Gender has typically been assigned to one’s biological sex, thus forcing intersex people to choose a binary category: female or male. Selecting a gender has taken place for many throughout their lives, especially on public records and spaces, such as birth certificates, passports and other legal forms.

“We have a responsibility as a state government to be inclusive across our customer experiences,” Governor Ned Lamont said in the press release. “This option on license applications tells all Connecticut residents that we are welcoming and that we are open for business.”

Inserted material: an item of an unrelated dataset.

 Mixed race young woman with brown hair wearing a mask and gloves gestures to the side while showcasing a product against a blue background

Anastasia Knight, a LGBT Center student worker, said that this addition will provide an option for those who never had one.

“Non-binary is a gender identity that doesn’t exist within the typical gender binary,” she said. “They don’t fit in the middle. They don’t fit in one side or the other. They’re completely outside of it.”

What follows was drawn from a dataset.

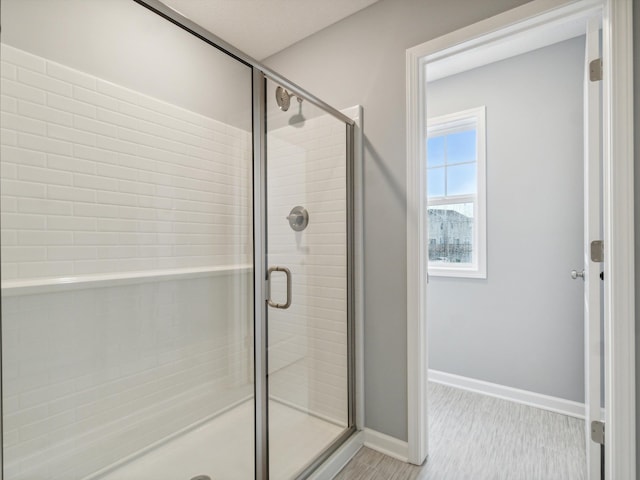 bathroom with a shower with door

Gia Paulus, an employee at the LGBT Center, explained that non-binary people are not “the third gender,” which is why there is a widespread belief that the addition of another gender option may become more troublesome. By introducing a new gender marker, different concerns may arise, one being the lack of education on the subject.

Knight further stated that education on these topics is mostly related to anti-discrimination. However, if a gender X is added in legal records, Knight recommended that training should be required for people who will be in contact with the gender X and others that will encounter the third option.

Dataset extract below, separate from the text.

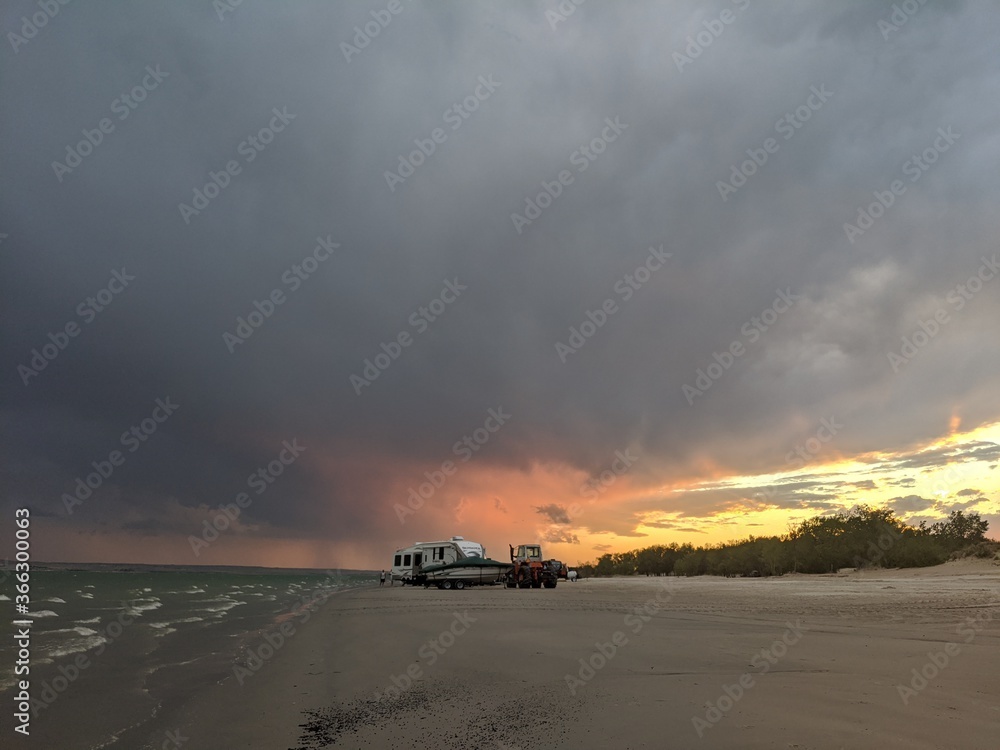 Storm at sunset on the beach Storm at sunset on the beach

“When you get your license, there is the option to be an organ donor and what it encompasses,” Paulus said. “In that same section, they could explain the different gender marker choices and the meanings, so that people could choose the one that they feel more comfortable with.”

Therefore, others offer a different solution to “a much safer option,” which would be to move towards the removal of any indication of gender.

“What is the reason for [the gender marker]?” Nichol McCarter, the University Assistant of the LGBT Center, said. “What does the DMV and state mean when they say gender? What implications could this provoke in regards to our current political climate?”

McCarter said that he hopes that this small change can spark something larger in order to challenge the incorrect understanding about biological sex as a binary system, which in turn will eventually help liberate and protect those who are intersex.

“Gender nonconforming and intersex people are part of a gap that has been underserved in a lot of our bureaucratic processes,” Paulus, an employee at the LGBT Center, said.

Paulus said she believes that creating more options is a good start in the right direction. “The fact that the DMV is starting to recognize them is a very progressive step forward,” she said.

For those interested, the LGBT Center has the necessary forms to apply for the non-binary gender X identification option in their office at the Student Center, located in rooms 304-305.